Diante dele, estende-se o parquinho do Passeio Público. É sábado, quase noite, e há crianças por toda parte. O velho nem as vê, sozinho com sua árvore e sua bengala, indeciso entre ambas. Não enxerga o próprio neto, que o trouxe passear e que agora, ali perto, conversa com uma amiga, buscando convencê-la a experimentar o gira-gira.

Suas vidas, hoje, são exatamente isso, um intervalo entre beijos

A blusa de tricô do velho é bem mais velha que o menino. Terá, no mínimo, duas décadas. Esgarçada, a barra lhe chega aos joelhos. O velho não se incomoda com as roupas, as sandálias lasseadas, as meias de lã que não combinam. Se estivesse nu, como seus desejos, talvez nem notasse a diferença, e nem frio sentisse. Desatento, desenha ou escreve alguma coisa na areia, com a bengala, mas tudo que consegue produzir são linhas irregulares, trêmulas cobrinhas.

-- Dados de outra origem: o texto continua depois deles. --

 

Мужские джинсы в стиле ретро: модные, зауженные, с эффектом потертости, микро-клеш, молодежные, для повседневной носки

O neto e sua amiga, claro, não são mais crianças. Adolescentes, esquecem do velho, e como censurá-los? A menina se acomoda no gira-gira e o menino promete rodá-la como ninguém jamais rodou. Prepara o impulso, mas o brinquedo o surpreende, é pesado demais, e seu eixo resiste, teimoso, não se deixa girar facilmente, move-se numa rotação entediante, áspera, inimiga das velocidades, das vertigens. Trata-se de um gira-gira adaptado para cadeirantes, só que o casalzinho não liga para isso, como também não ligou para o aviso de que o parquinho só aceita menores de dez anos. No fundo, ainda curtem a infância.

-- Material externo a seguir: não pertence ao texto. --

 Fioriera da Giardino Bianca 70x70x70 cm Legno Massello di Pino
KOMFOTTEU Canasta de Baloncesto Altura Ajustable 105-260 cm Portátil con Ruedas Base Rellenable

A moça ri do fracasso do moço, é um fracasso fofo, e ele também ri, mas não desiste, as bochechas se avermelhando de esforço e vergonha. Ela o faz parar, levanta do gira-gira e corre pela areia, vem, vamos comprar algodão-doce, e escolhe um amarelo, sabor de abacaxi. Paga e ganha de brinde uma máscara do Pikachu, o que os faz rir mais uma vez, agora sim feito crianças de dez anos, discutindo seus pokémons favoritos. Quando começam a mastigar, porém, e o olhar de um se fixa no do outro, emudecem de repente, e fingem que já são bem crescidos.

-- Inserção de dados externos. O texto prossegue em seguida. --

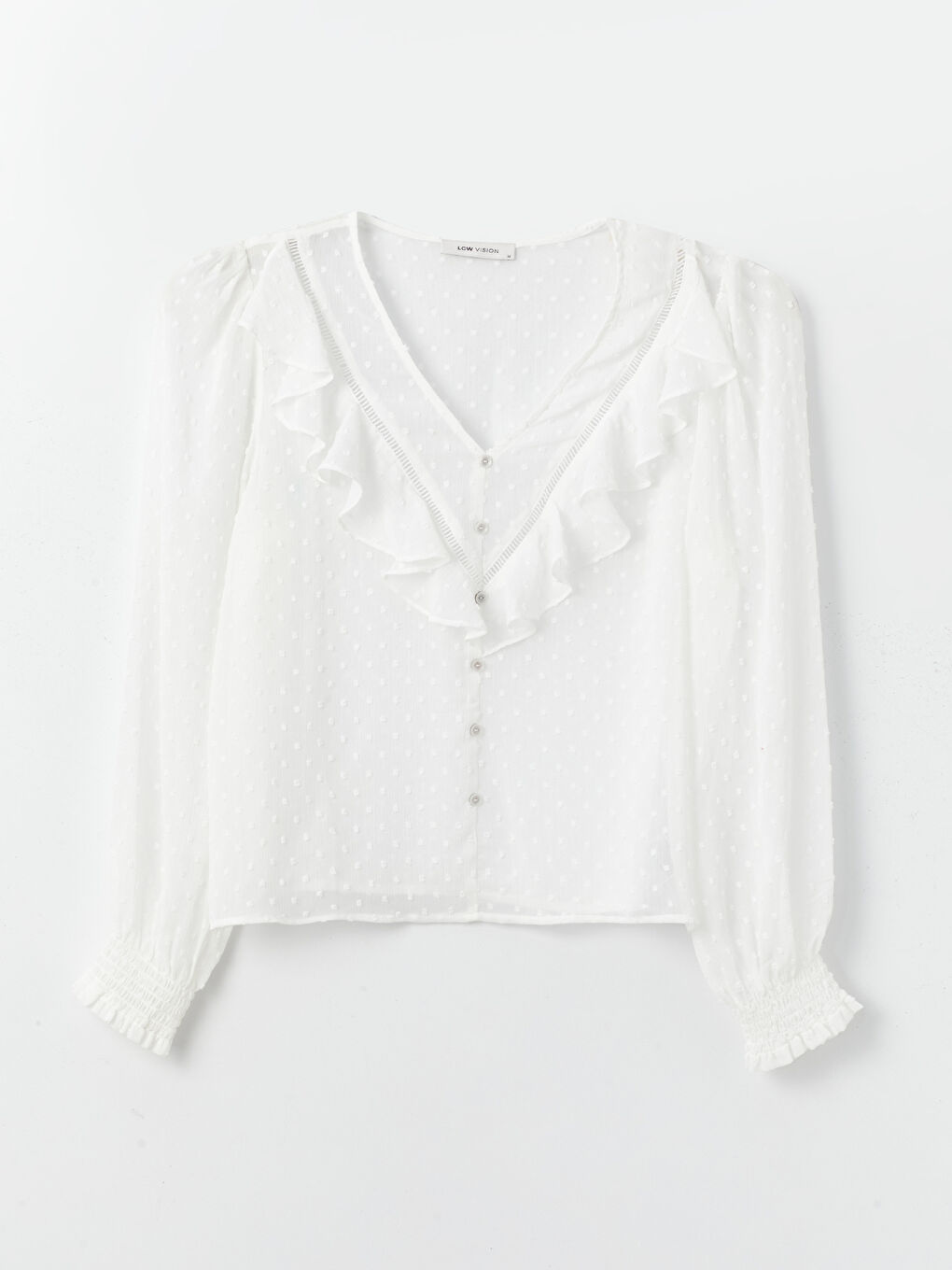 V Neck Embroidered Long Sleeve Women's Blouse-6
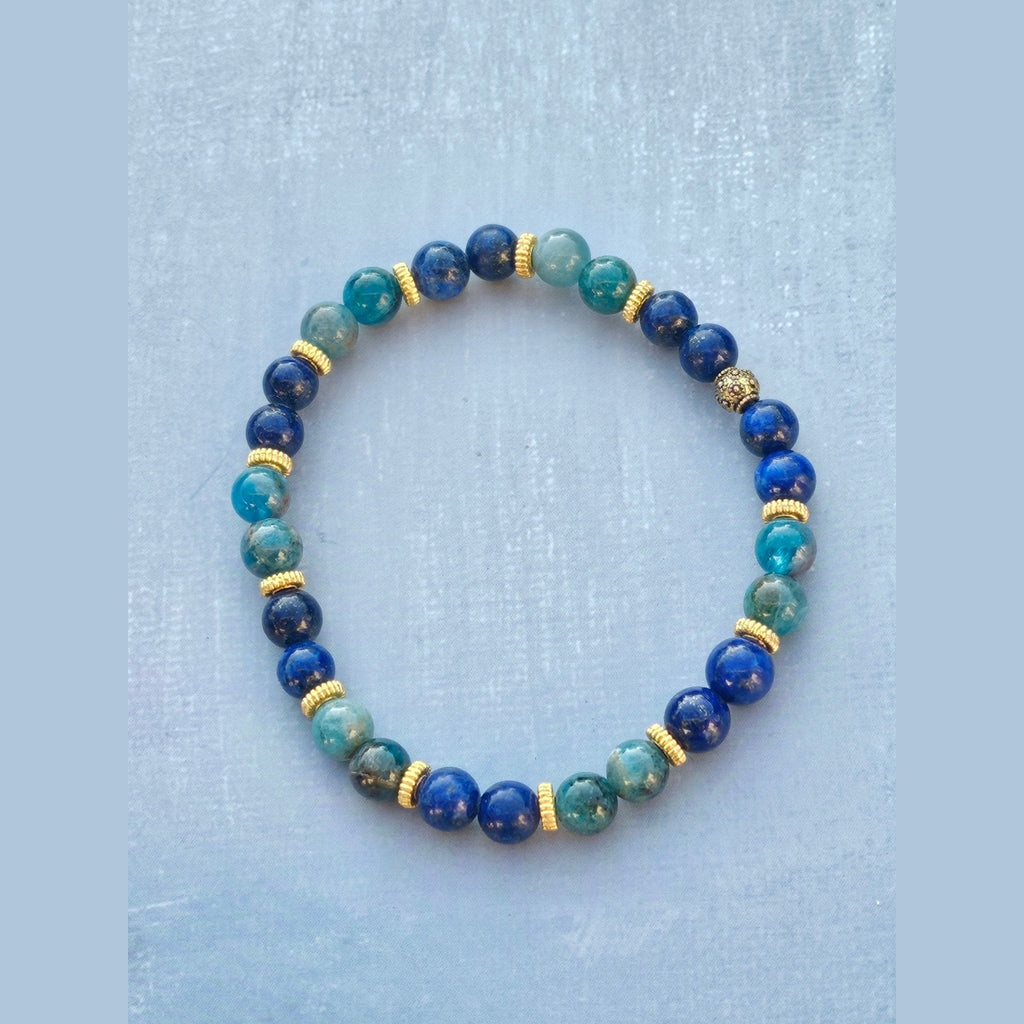 Bracelet Lapis-lazuli & Apatite – 6mm - Kumari Legacy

O parquinho, então, se esvazia. Não porque seja noite, ainda temos alguns minutos de luz, mas porque os adolescentes conseguiram forjar, ao redor daquele silêncio, um deserto para dois, e é entre estas dunas que eles se beijam, as bocas recém-adoçadas. Ah, é tão fácil perceber, não é a primeira vez que experimentam este giro rápido de línguas: suas vidas, hoje, são exatamente isso, um intervalo entre beijos, a expectativa do próximo e a lembrança do último, o que mais?

Tão diferentes do avô, que não os vê e nem pensa em beijos, embora continue tentando penetrar o chão com sua bengala torta, abraçado a esta árvore tão jovem, e que perigosamente se verga sobre a velhice dos grãos de areia.